Expression of a carotenogenic gene allows faster biomass production by redesigning plant architecture and improving photosynthetic efficiency in tobacco

Moreno J.C., Mi J., Agrawal S., Kössler S., Turečková V., Tarkowská D., Thiele W., Al-Babili S., Bock R., Schöttler M.
PLANT JOURNAL 103: 1967-1984, 2020

Keywords: beta-carotene, gibberellins, ABA, biomass, photosynthesis, carotenoids, Nicotiana tabacum
Abstract: Because carotenoids act as accessory pigments in photosynthesis, play a key photoprotective role and are of major nutritional importance, carotenogenesis has been a target for crop improvement. Although carotenoids are important precursors of phytohormones, previous genetic manipulations reported little if any effects on biomass production and plant development, but resulted in specific modifications in carotenoid content. Unexpectedly, the expression of the carrot lycopene beta-cyclase (DcLCYB1) in Nicotiana tabacum cv. Xanthi not only resulted in increased carotenoid accumulation, but also in altered plant architecture characterized by longer internodes, faster plant growth, early flowering and increased biomass. Here, we have challenged these transformants with a range of growth conditions to determine the robustness of their phenotype and analyze the underlying mechanisms. Transgenic DcLCYB1 lines showed increased transcript levels of key genes involved in carotenoid, chlorophyll, gibberellin (GA) and abscisic acid (ABA) biosynthesis, but also in photosynthesis-related genes.

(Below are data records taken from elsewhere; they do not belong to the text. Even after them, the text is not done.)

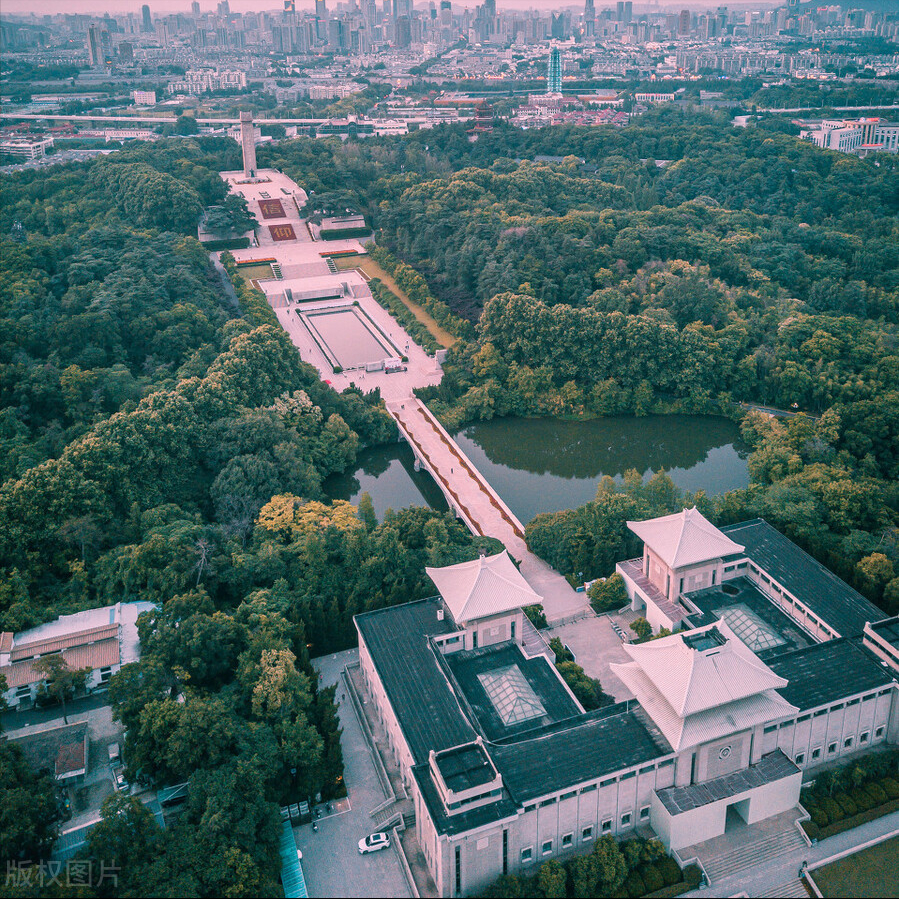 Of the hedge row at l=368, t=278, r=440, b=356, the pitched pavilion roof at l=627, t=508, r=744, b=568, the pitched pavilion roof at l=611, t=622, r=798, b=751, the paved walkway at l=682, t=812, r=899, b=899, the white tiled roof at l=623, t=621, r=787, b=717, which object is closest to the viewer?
the paved walkway at l=682, t=812, r=899, b=899

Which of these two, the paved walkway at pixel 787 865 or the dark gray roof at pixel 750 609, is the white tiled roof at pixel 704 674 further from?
the paved walkway at pixel 787 865

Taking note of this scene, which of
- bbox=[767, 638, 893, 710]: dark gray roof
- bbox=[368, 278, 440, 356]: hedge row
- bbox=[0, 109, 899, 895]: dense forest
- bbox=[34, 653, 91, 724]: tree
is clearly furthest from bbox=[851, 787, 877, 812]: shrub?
bbox=[368, 278, 440, 356]: hedge row

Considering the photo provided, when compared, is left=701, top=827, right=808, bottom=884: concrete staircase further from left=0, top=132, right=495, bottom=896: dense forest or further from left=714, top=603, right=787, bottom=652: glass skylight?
left=0, top=132, right=495, bottom=896: dense forest

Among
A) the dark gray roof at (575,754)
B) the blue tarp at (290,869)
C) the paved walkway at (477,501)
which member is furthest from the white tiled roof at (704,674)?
the blue tarp at (290,869)

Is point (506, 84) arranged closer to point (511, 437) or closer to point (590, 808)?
point (511, 437)

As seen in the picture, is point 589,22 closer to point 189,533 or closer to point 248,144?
point 248,144

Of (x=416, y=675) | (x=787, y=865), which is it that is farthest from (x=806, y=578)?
(x=416, y=675) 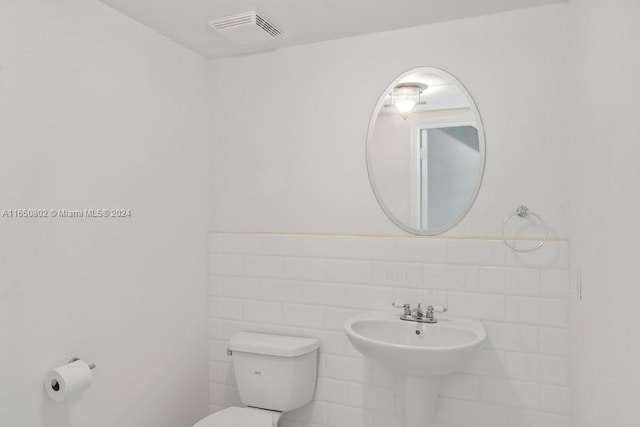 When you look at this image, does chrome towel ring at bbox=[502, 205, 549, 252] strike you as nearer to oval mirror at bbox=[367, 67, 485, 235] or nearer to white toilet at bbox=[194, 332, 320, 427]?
oval mirror at bbox=[367, 67, 485, 235]

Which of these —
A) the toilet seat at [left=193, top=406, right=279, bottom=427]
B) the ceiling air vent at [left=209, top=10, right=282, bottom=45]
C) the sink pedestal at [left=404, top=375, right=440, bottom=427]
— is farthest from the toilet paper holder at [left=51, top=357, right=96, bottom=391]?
the ceiling air vent at [left=209, top=10, right=282, bottom=45]

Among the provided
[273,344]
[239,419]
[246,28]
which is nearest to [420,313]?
[273,344]

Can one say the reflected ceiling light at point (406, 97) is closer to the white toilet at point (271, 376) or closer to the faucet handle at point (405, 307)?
the faucet handle at point (405, 307)

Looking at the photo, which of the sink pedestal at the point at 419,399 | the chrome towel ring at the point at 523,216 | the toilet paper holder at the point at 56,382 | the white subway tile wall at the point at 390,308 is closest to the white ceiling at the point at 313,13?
the chrome towel ring at the point at 523,216

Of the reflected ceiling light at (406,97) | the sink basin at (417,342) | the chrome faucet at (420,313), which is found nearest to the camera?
the sink basin at (417,342)

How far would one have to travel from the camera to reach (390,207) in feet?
7.16

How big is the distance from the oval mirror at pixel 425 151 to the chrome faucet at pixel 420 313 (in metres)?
→ 0.35

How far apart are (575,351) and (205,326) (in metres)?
1.86

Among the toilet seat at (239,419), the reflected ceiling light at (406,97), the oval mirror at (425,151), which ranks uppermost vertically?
the reflected ceiling light at (406,97)

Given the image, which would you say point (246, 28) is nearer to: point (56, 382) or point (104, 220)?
point (104, 220)

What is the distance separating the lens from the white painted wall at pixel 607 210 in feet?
2.76

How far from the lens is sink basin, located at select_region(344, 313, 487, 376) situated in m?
1.67

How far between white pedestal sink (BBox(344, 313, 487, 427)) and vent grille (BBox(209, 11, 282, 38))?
1.44 m

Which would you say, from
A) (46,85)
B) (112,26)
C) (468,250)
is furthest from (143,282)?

Accordingly, their carotenoid, chlorophyll, ABA and GA contents were increased. Hormone application and inhibitor experiments confirmed the key role of altered GA/ ABA contents in the growth phenotype. Because the longer internodes reduce shading of mature leaves, induction of leaf senescence was delayed, and mature leaves maintained a high photosynthetic capacity. This increased total plant assimilation, as reflected in higher plant yields under both fully controlled constant and fluctuating light, and in non-controlled conditions. Furthermore, our data are a warning that engineering of isoprenoid metabolism can cause complex changes in phytohormone homeostasis and therefore plant development, which have not been sufficiently considered in previous studies.